I don’t know what to make of this.

A review of sex crimes cases suspended with an internal code citing a lack of personnel has expanded department-wide to include more than 264,000 cases, Police Chief Troy Finner said Monday.

The dropped cases makes up about 10% of the department’s 2.8 million filed since 2016, Finner said. About 100,000 of those are property crimes, he wrote.

Doug Griffith, president of the Houston Police Officers Association, said he was concerned about the latest revelations. The union president said Monday at least three of the department’s division Standard Operating Procedures included directives about when to use the code to close cases.

The divisions included auto theft, vehicular crimes and major assaults and family violence, Griffith said.
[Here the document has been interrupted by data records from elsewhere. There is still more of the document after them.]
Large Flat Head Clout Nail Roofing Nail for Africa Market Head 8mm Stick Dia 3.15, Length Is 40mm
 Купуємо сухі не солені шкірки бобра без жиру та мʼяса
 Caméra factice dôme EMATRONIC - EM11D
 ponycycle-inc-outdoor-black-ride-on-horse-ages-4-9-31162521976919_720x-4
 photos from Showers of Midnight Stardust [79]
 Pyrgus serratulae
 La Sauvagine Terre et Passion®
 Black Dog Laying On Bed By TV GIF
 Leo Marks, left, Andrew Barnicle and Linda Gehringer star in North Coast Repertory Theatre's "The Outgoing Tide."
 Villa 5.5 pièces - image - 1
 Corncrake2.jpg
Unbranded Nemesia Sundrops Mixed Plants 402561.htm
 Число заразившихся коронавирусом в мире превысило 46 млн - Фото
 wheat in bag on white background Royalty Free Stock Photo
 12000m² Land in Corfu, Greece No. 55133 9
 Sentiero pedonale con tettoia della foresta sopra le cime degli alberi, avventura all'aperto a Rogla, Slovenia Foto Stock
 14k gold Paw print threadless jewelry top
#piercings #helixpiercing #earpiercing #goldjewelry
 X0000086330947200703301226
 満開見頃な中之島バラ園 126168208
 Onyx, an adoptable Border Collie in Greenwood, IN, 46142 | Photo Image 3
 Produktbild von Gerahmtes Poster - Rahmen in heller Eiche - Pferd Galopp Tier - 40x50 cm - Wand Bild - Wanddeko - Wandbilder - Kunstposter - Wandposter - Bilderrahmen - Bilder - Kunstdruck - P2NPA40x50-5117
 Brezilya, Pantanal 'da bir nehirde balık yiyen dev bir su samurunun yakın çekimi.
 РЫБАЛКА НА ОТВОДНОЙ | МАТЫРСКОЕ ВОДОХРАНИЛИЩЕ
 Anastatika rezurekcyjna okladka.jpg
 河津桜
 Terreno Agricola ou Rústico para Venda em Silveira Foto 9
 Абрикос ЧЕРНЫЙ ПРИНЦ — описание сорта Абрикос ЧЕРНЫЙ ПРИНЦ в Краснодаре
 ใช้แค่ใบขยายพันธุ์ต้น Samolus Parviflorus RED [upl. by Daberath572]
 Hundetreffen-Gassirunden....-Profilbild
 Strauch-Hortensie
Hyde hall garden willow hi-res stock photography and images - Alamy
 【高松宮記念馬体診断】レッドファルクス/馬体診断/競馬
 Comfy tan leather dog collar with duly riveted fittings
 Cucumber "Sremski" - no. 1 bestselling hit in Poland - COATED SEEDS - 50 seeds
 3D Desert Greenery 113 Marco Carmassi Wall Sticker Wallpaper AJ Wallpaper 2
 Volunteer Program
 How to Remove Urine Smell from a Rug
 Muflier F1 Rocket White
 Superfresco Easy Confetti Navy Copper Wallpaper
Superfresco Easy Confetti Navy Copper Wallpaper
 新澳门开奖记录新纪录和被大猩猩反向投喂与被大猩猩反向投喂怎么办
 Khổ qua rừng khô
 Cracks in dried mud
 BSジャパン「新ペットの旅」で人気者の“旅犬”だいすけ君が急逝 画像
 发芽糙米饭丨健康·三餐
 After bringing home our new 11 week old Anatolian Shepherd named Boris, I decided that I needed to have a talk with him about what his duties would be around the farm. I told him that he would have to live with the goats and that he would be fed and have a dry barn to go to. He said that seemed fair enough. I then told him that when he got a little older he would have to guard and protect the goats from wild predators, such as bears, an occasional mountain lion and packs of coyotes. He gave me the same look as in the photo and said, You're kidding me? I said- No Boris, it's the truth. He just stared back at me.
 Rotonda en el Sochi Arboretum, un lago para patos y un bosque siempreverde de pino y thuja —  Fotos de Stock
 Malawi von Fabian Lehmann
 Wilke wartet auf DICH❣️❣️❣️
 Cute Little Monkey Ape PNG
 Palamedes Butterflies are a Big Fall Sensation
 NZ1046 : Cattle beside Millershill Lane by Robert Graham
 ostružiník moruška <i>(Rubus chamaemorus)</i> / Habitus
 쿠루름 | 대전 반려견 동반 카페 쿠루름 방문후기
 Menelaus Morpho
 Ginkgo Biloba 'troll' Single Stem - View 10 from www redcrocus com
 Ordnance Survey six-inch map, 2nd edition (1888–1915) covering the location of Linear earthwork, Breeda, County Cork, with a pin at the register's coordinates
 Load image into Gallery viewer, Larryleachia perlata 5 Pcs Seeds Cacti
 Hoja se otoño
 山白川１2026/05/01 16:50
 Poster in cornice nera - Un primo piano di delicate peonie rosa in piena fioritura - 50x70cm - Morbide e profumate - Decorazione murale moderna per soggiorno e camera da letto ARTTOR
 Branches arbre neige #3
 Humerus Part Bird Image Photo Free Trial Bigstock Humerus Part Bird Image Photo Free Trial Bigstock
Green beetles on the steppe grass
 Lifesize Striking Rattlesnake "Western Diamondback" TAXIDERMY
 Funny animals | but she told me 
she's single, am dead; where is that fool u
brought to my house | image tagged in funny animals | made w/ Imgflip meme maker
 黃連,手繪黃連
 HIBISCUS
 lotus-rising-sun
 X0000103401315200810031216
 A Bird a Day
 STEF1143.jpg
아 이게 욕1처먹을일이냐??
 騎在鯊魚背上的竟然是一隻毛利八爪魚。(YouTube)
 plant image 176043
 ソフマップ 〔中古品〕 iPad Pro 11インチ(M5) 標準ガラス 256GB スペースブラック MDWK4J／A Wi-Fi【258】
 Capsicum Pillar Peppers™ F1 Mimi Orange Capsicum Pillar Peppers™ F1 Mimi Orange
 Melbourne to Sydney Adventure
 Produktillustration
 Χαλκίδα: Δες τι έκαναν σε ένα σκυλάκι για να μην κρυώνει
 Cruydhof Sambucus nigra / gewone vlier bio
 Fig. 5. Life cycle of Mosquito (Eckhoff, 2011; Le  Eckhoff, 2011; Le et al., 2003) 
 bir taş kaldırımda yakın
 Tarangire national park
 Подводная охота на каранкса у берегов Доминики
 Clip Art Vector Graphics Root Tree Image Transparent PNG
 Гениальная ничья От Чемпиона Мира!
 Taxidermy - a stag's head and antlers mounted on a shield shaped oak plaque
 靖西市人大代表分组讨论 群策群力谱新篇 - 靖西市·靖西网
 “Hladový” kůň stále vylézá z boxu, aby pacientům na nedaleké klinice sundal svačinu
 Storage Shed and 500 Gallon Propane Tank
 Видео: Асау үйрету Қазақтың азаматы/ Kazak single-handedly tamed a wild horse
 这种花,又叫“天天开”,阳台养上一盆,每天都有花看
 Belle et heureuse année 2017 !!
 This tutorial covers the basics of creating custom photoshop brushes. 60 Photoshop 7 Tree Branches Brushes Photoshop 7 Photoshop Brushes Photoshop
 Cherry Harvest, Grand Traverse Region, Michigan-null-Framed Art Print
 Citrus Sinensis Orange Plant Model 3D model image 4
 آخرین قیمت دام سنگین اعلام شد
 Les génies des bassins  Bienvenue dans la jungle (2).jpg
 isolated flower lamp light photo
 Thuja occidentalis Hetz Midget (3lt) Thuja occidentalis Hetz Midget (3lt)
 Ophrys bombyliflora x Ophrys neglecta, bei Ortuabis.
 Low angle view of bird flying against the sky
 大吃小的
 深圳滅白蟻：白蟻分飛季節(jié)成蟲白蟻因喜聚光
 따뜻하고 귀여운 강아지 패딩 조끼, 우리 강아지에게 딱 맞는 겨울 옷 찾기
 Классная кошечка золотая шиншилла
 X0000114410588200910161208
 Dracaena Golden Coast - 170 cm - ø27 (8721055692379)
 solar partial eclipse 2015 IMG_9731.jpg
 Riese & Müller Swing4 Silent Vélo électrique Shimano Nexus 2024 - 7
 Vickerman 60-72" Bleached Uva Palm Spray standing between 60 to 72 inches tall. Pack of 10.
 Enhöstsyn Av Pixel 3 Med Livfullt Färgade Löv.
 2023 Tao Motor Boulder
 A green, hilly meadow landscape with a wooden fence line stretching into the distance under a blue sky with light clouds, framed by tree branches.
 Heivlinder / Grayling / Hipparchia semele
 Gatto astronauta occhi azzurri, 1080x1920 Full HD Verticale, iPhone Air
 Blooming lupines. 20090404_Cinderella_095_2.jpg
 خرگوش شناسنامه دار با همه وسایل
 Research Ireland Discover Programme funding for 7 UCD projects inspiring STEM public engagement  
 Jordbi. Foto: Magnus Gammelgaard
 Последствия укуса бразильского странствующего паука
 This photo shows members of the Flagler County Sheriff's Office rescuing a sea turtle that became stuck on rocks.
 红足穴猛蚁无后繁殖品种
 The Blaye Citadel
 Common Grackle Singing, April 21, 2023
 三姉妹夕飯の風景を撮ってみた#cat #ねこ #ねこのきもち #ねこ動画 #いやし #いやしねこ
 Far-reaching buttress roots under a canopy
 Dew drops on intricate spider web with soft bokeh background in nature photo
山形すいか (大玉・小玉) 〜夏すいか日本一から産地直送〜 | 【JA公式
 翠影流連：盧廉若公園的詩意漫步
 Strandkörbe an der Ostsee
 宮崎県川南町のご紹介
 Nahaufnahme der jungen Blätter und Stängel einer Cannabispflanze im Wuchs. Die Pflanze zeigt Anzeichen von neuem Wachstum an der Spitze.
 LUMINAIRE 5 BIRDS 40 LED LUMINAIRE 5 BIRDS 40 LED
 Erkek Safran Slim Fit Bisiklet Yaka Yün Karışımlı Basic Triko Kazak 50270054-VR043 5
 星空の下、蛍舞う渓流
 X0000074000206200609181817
The major assault guidelines were signed off on by Finner Dec. 1, 2023, Griffith said.

[…]

Griffith said employees were instructed they could use the code on misdemeanor cases with little solvability. He said other cases could be suspended using that code, but those could be reopened if someone reaches out to the department seeking charges, Griffith said.

“But that’s incumbent on victims reaching out to authorities, which is a problem,” Griffith said.

Griffith previously said about 2,000 sexual assault cases had been dropped because of the lack of personnel code, before Finner revealed it was closer to 4,000.

This is building on an earlier story about the use of the code on sexual assault cases.

The Houston Police Department’s review into sexual assault investigations revealed the number of closed cases since 2021. Police administrators have launched an investigation to determine who was closing out cases using the code to signify lack of personnel, Griffith said Wednesday, one day before Chief Troy Finner is set to address the cases in a Thursday afternoon news conference. But there’s no reason to believe sexual assault investigators were the only ones who’ve used it, Griffith said.

“We didn’t even know there was such a code,” Griffith said. “We don’t know how many other types of crimes were cleared this way. It’s a large investigation to see how many and what types of cases this affects.”

Griffith didn’t have specific numbers of investigators in the sexual assault crimes unit, but said most investigative units were down between 10% to 15%. He explained that the department provides codes to close cases in many different instances – perhaps a complainant wants to withdraw charges, or maybe investigators run out of leads in another case, Griffith said. But lack of manpower shouldn’t be a reason, he argued.

The department investigated between 20,000 and 23,000 felony cases each year since 2021.

Griffith said he suspects someone started intentionally using the code and then, for whatever reason, a supervisor allowed it to continue.

[…]

In January, a new group, the Harris County Sexual Assault Response Team, released a report showing of the more than 2,200 sexual assaults reported to the county’s largest law enforcement agencies over nearly two years, 60 led to convictions while hundreds more remain unresolved.

The response team was created in 2021 after state lawmakers passed a law requiring counties to establish unified groups that share resources and information about local sex crimes. The law, Senate Bill 476, requires the team to create a protocol on how sexual assaults should be investigated and an annual report detailing the number of sexual assaults reported, investigated and prosecuted in a given year.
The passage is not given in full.